Today, the biggest news comes from the Black Sea.
Ukraine’s strategy of targeting Russia’s shadow-fleet logistics has already resulted in 3 naval vessels taken out of commission in rapid succession, raising the risks of operating anywhere near Russian export routes. The results of this strategy turned out to be much more immediate and devastating than expected, with companies already pulling out their ships from the Russian shadow fleet and reassessing whether they can remain in the Black Sea and continue enabling the illicit Russian oil trade at all.

The loudest signal came from Besiktas Shipping, which stopped all cooperation with Russia after one of its tankers was damaged near Senegal. The company emphasized that it had operated within formal sanctions rules, even though its vessels still ended up serving routes connected to Russia’s shadow-fleet logistics. Besiktas controls around fifteen oil and chemical tankers, removing several hundred thousand tons of annual carrying capacity from Russia’s rotation the moment it withdrew.

This is exactly the outcome Ukraine aimed for, and the speed at which a major carrier pulled out shows the strategy is working far earlier than even Kyiv expected. Losing even this handful of compliant, insurable ships pushes Russia toward older, high-risk vessels. With around half of the 500 tankers carrying sanctioned Russian crude being foreign-owned and leased, more companies adopting the same stance would strip Russia of a large share of the fleet that keeps its exports moving.

If every foreign lessor withdrew, Russia would lose access to roughly half of its seaborne oil-export capacity, which translates into more than one hundred billion dollars per year in lost revenue and would erase over a quarter of the federal budget that depends on oil and gas taxes. This exposes the structural weakness of relying on leased tonnage, as Moscow cannot compel it to stay, while Ukraine can convince them of the contrary.

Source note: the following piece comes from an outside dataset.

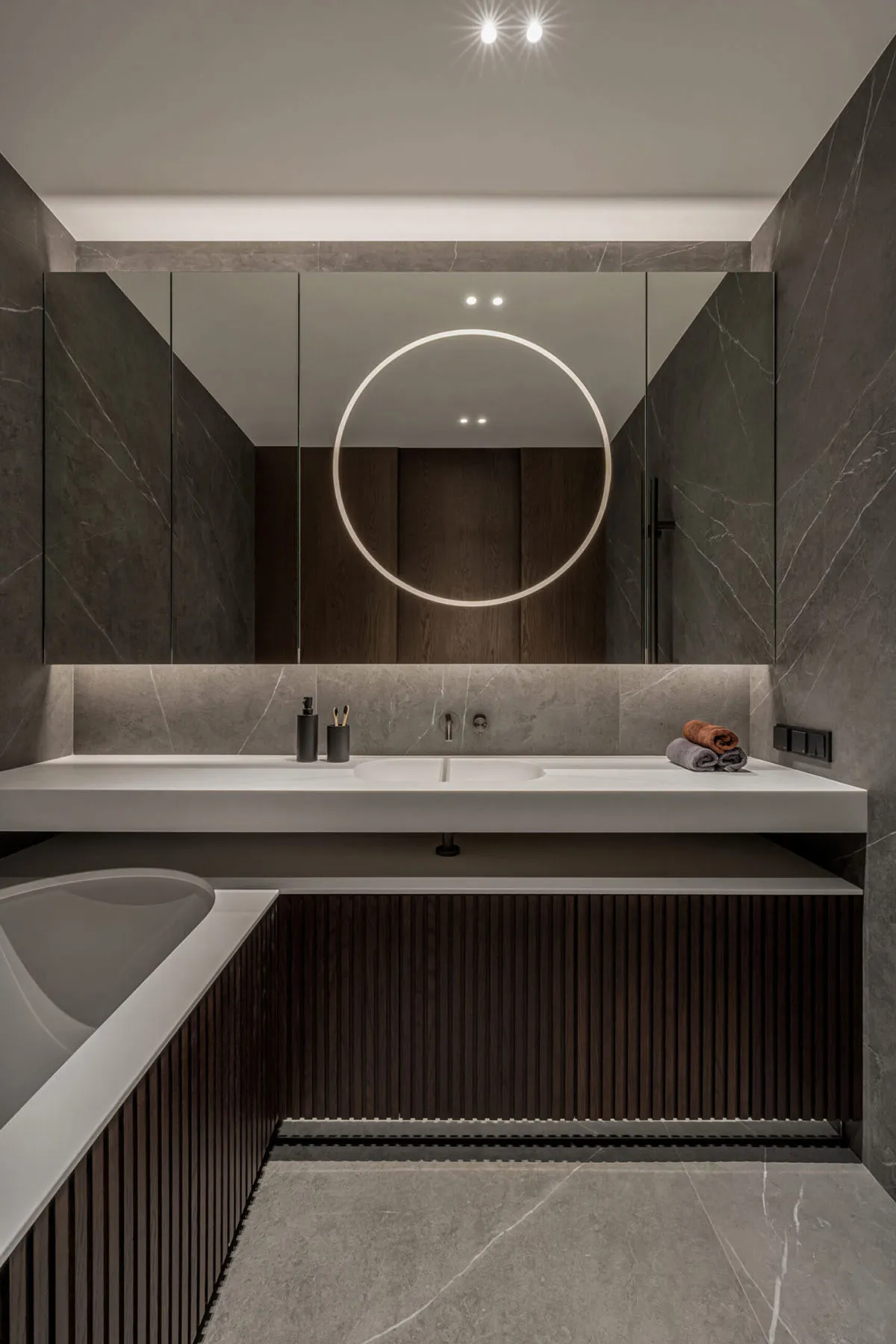Contemporary bathroom with concrete and marble materials, featuring a minimalist design aesthetic.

The importance of the Black Sea route makes these shifts even more consequential, as ports such as Novorossiysk and Tuapse previously handled roughly one-fifth of Russia’s seaborne crude and oil-product exports, forming a core component of federal revenue. Oil and gas income still provides roughly one-third of the national budget and around fifteen percent of GDP, making any sustained disruption immediately felt. If insurers restrict trips into the Black Sea and shipowners judge the risks too high, the impact becomes severe. Export volumes fall, Russia grows more dependent on older vessels with weaker compliance records, and each withdrawal introduces new scheduling gaps and revenue instability.

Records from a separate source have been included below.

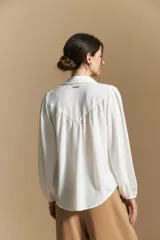 Camisa de manga larga con caída fluida, diseño de silueta suelta, cuello clásico y cierre frontal con botones.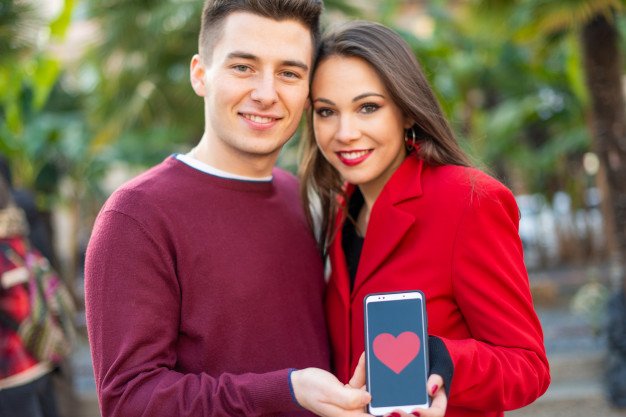 couple-kissing-while-showing-smartphone-with-heart-shape-it-dating-application-concept_53419-8979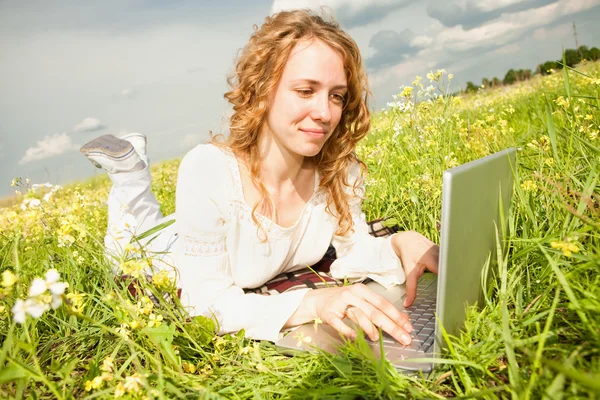Jovem Mulher Sentada Campo Grama Com Laptop Contra Pano Fundo — Fotografia de Stock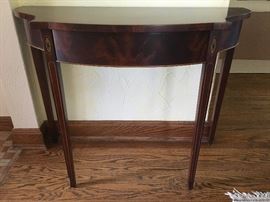 Wooden entry table with gold colored trim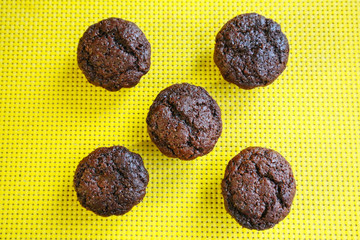 five chocolate cakes on a yellow napkin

Moscow’s early reaction shows how exposed it feels, because after only two tankers in the Black Sea were destroyed and another damaged off Senegal, President Vladimir Putin publicly threatened to cut Ukraine off from the sea unless the attacks stop. Russian commentators speculated about targeting merchant vessels heading to Ukrainian ports or declaring parts of the Black Sea unsafe for navigation. In practice, these options are extremely limited. Ships supplying Ukraine operate under multiple flags and are insured by Western companies that have already accepted war-risk coverage to keep the corridor open. Any strike on that traffic risks confrontation with states that have avoided direct involvement, including Turkey, which controls the straits Russia still relies on. Escalation at sea would therefore strengthen Ukraine’s position more than Russia’s.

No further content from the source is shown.